In Typee, humanity is assuring the survival of everyone in the community. In the novel, western humanity is forcing God on the heathens and making them wear clothes that are sensible for civilized people but unnecessary for the climate. The Typee are practicing the nature of humanity without even being familiar with the concept. They are not familiar with the concept because they are not aware of the option. Allowing others to die for the sake of one’s greed is an illogical way of life. Melville brings humanity to the natives in his descriptions.
“Never before had I been subjected to so strange and steady a glance; it revealed nothing of the mind of the savage, but it appeared to be reading my own (71). ” The ability to take over another land that is not one’s own is made easier by dehumanizing a culture that differs from the self in not only color but also language. Melville gives depth to the natives and describes them as every bit as human as the French or Americans. Because of the darker skin and the “strange” customs, the French could colonize the islands without regarding the inhabitants as the same as them by calling them savages and not people.
As previously mentioned, the colonists used the native women to release frustration and fulfill their base needs. To be able to commit this act over and over again requires the assailant to consider the victim less than human. In the case of the merchantmen taking of the native women, the act wasn’t even considered wrong. This was all part of the westerners due. Part of what they were entitled to. It would only be considered horrific of the sailors had to witness their own Victorian women being ravaged by these “filthy barbarians”.
The situation would have an entirely new light shed upon it but the crime would remain the same. Only Melville makes direct comparisons to the natives and the people of his homeland. The novel describes the mother, Tinor, by direct comparisons to the women of the western world, “The mother was a notable housewife… if she did not understand the art of making jellies… she was profoundly skilled in the mysteries of preparing “amar”… she was a genuine busy-body… like a county landlady… toiling and sweating with a bundle, under which most women would have sunk (84).
” Tinor is not only just like western women, she is better. The Typee are just as civil and social as any decent society that Tom has encountered. They have their good, hardworking citizens and their lazy derelicts like any other culture, “three young men, dissipated good-for-nothing, [who] grew boozy… the scapegraces of the valley. Melville isn’t trying to put the Typee in a completely Holy light, he is only showing that they are like everyone else and have the same right to live their lives as they see fit.
Tom does leave the island eventually and escape with the idea that perhaps the inhabitants are cannibals. Melville would not have written them in such a positive light if he believed that they were the savages the rest of world perceived them to be. He purposely and almost sarcastically described them at the opening as cannibals with such appalling habits to symbolize the close-minded Victorian sensibilities of the time. This creates the language that is actually being applied to those that are attempting to taint the beautiful island-the Western Colonists.

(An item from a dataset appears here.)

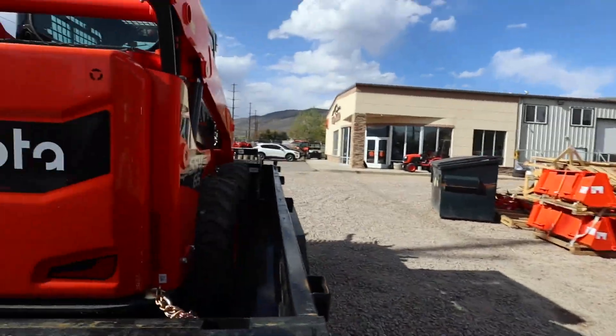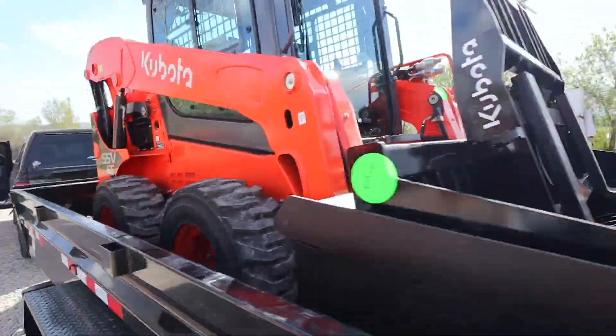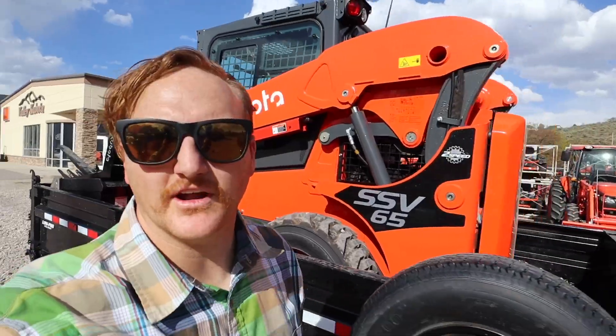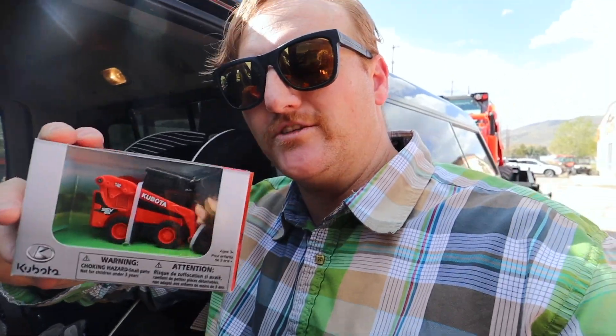Look what I just picked up over at Heber Valley Kubota. I got a hat and Wellsy a toy. Maybe I'll get Wellsy's blessing at least.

The real savages are those who can watch their people starve while they have food and spread disease to a pristine country, destroying its people for their own selfish greed. The novel was written four years after his visit to the islands so his real beliefs are expressed about colonialism and the right for a people to be left in what could be described as paradise even by Western standards. A fear of giving up the life in which he was accustomed fueled Tommo’s plans for escape but a respect for the people of Typee wrote this novel.